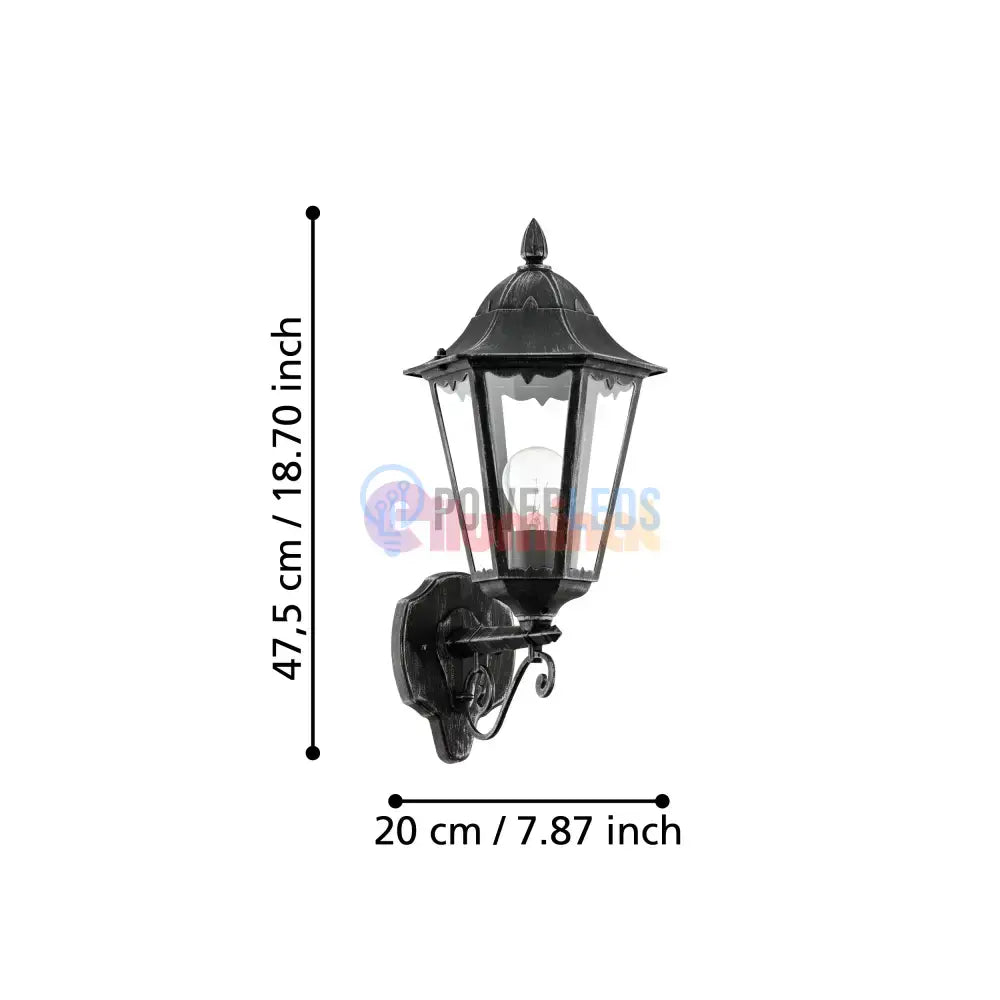 Aplica Exterior Tip Felinar NAVEDO Black & Silver 47CM NEAGRA / APLICA PERETE Wall Light Fixtures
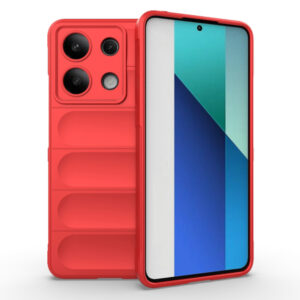 Husa Matte Waves pentru Xiaomi Redmi Note 13 5G, Camera Protect, Striatii laterale, Colturi intarite, Margini inaltate, Antialunecare, Antisoc, Silicon prietenos cu pielea, Rosu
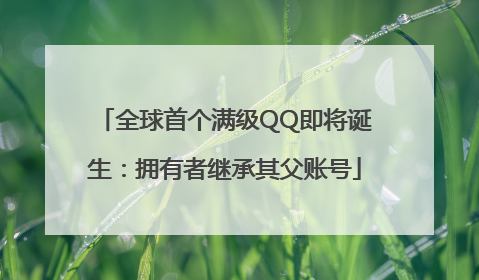 全球首个满级QQ即将诞生：拥有者继承其父账号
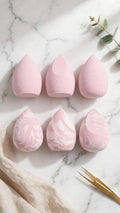 6-Piece Soft Elastic Makeup Sponge Set – Wet & Dry Dual Use for Foundation & Concealer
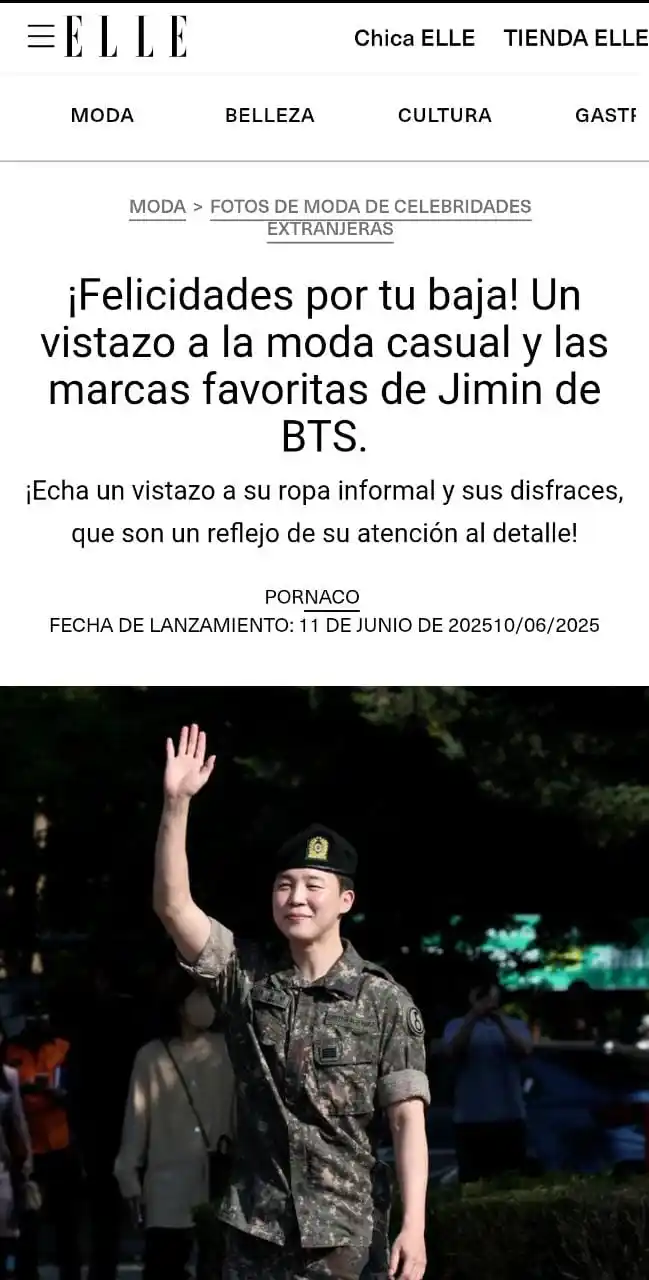 Image from MIMI_WORLD_FANSPAGE: *▫️ELLE Japón felicito a Jimin por su baja en el SM y también escribió...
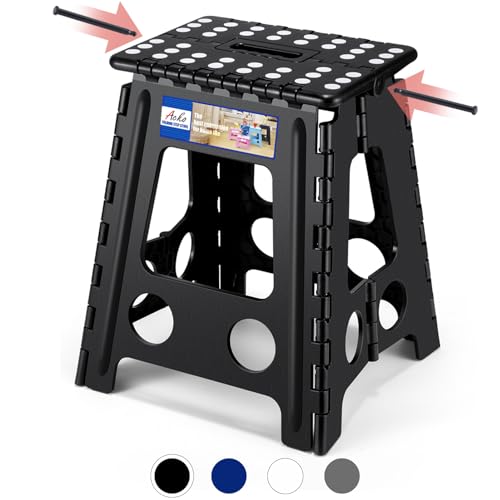 ACKO 16 Inch Folding Step Stool with Safety Lock, Holds 400 lbs, Black | Portable Foldable Stools with Handle, Heavy Duty Collapsible Non-Slip Foot Stool for Adults & Kids, Kitchen Bathroom Outdoor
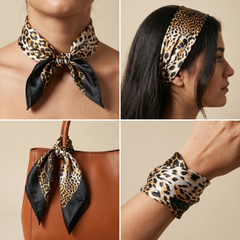 Roselys Paris foulard femme beige marron animalier carré satiné 70x70 cm, en bandeau dans les cheveux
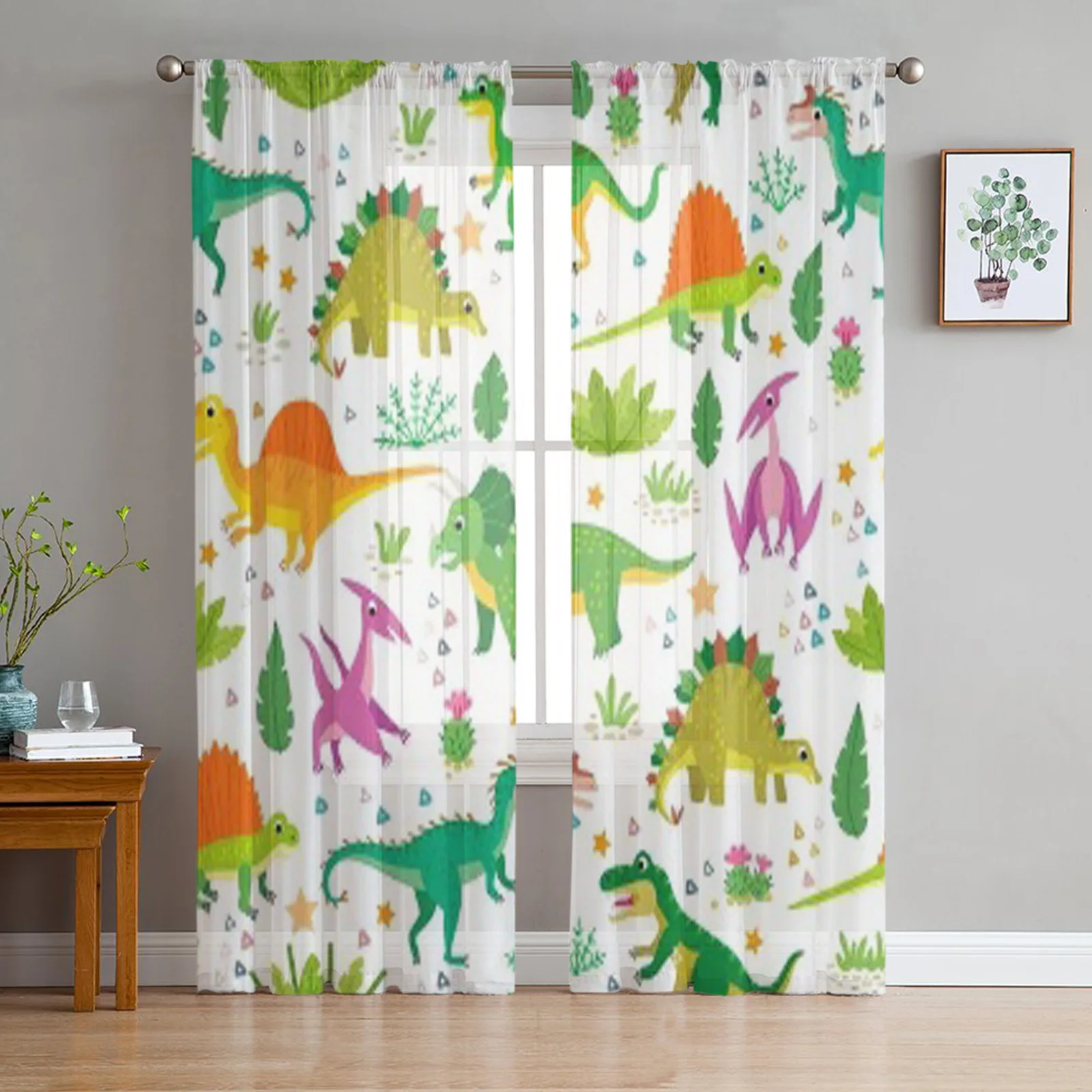 A Childish Dinosaurs And Tropical Leaves Sheer Curtains For Bedroom Living Room Tulle Curtains For Kitchen Window Voile Curtains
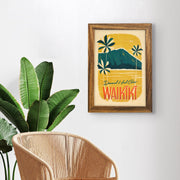 Diamond Head Crater retro Hawaii art print displayed framed on wall in coastal home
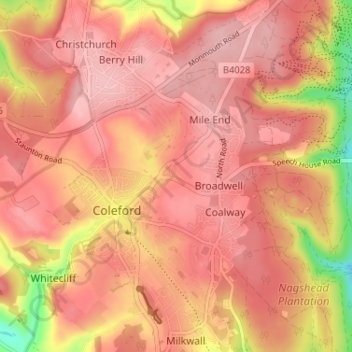 Mapa topográfico Bakers Hill, altitude, relevo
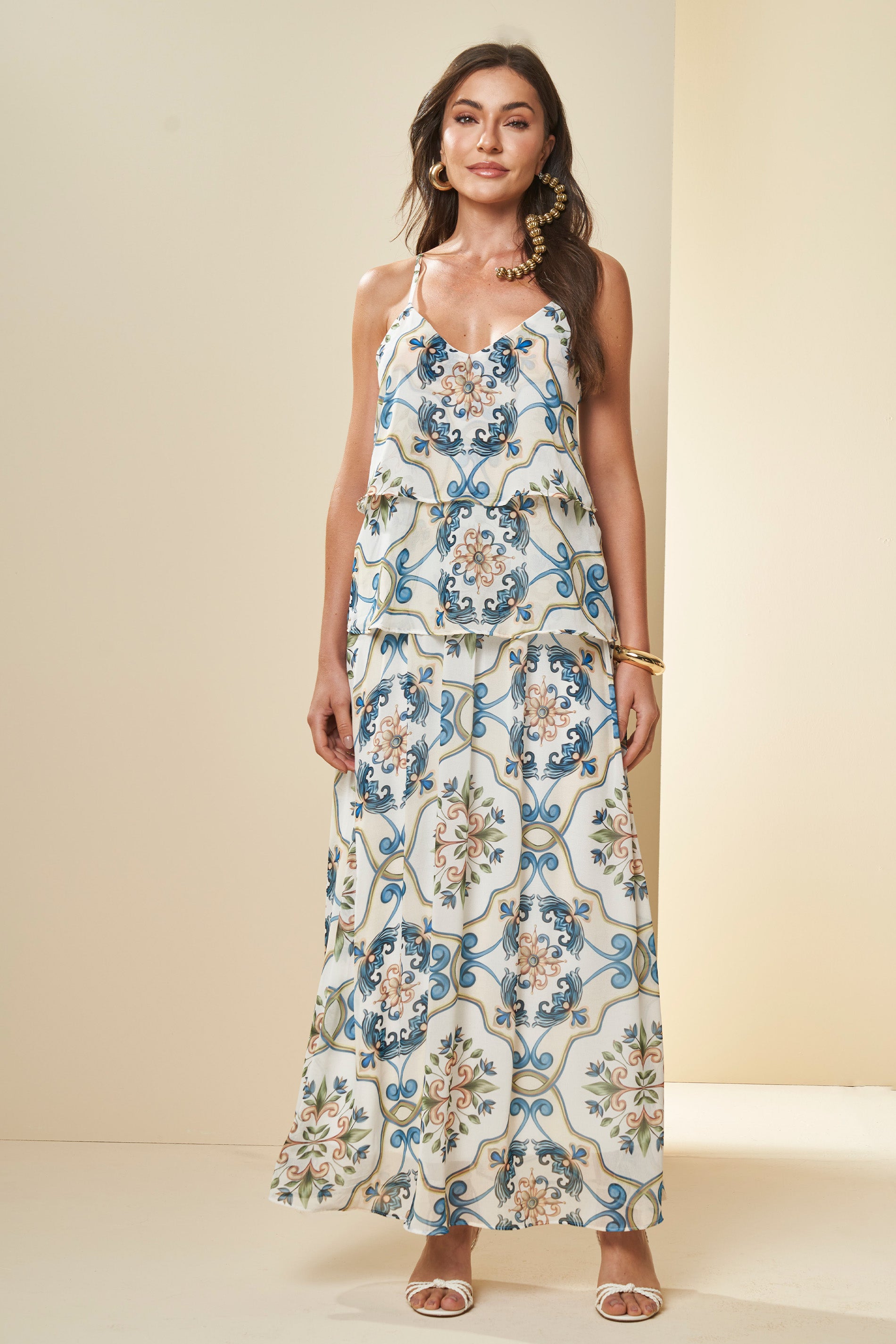 Saia Longa Lusitana Estampada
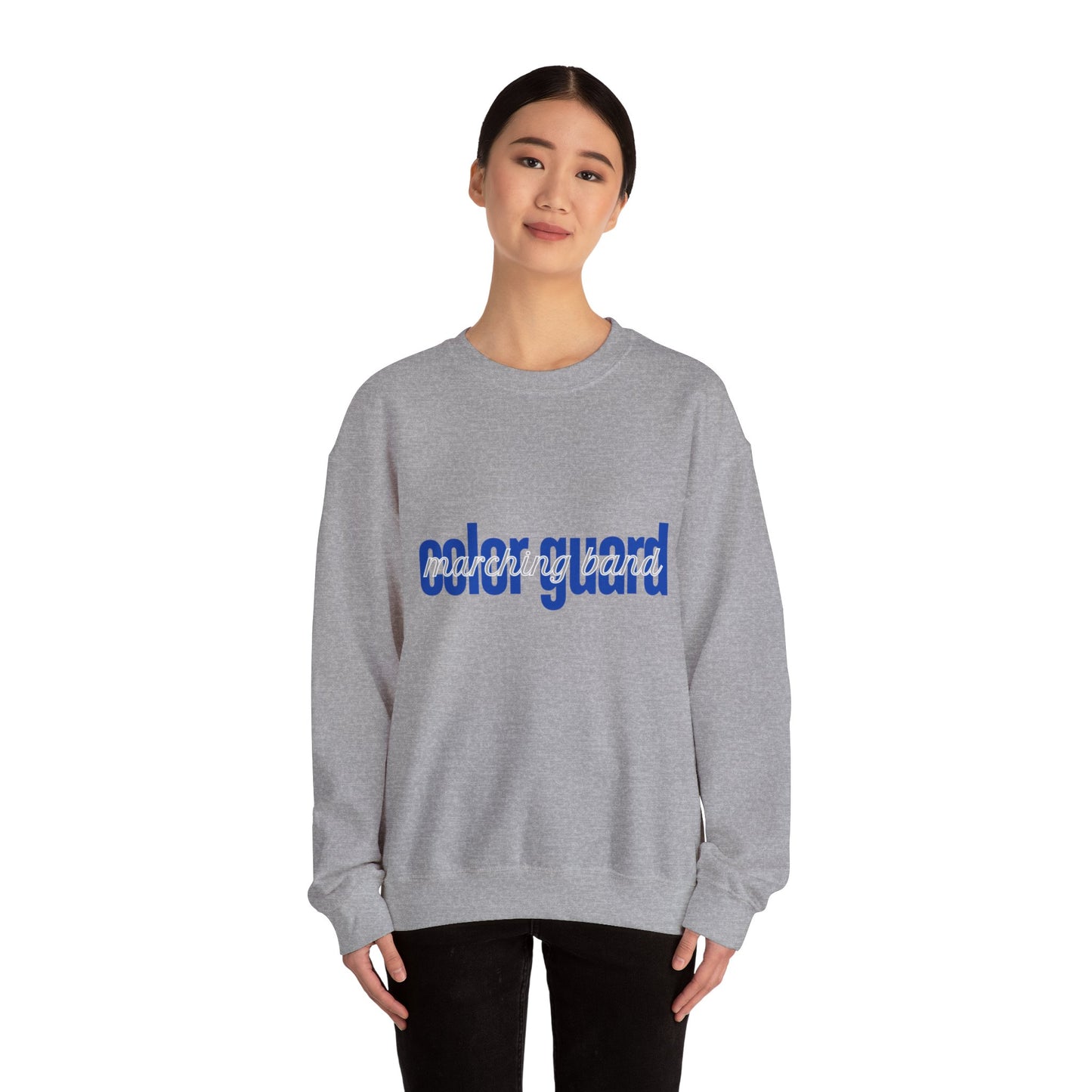 Marching Band Color Guard Blue Lowercase Blue Font Unisex Crewneck Sweatshirt Flag Saber Rifle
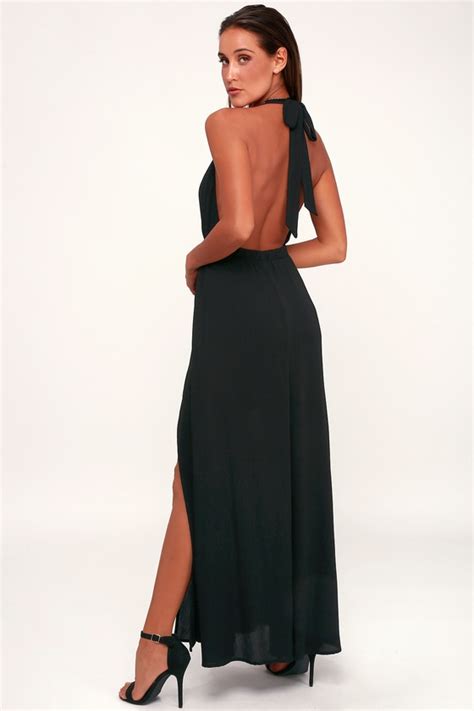 Cute Black Dress Halter Dress Maxi Dress Casual Maxi Dress Lulus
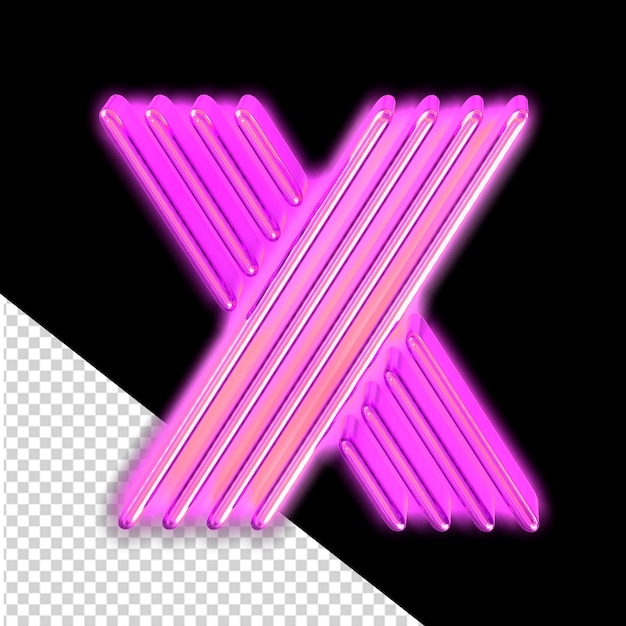 Premium PSD Purple Luminous Symbol Letter X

---

Reproduce word for word the lines from the line with "Mapa topográfico Bakers" to the end of the entries above, both included, but leave the pictures out.

 Mapa topográfico Bakers Hill, altitude, relevo
 Saia Longa Lusitana Estampada
 Marching Band Color Guard Blue Lowercase Blue Font Unisex Crewneck Sweatshirt Flag Saber Rifle
 Cute Black Dress Halter Dress Maxi Dress Casual Maxi Dress Lulus
 Premium PSD Purple Luminous Symbol Letter X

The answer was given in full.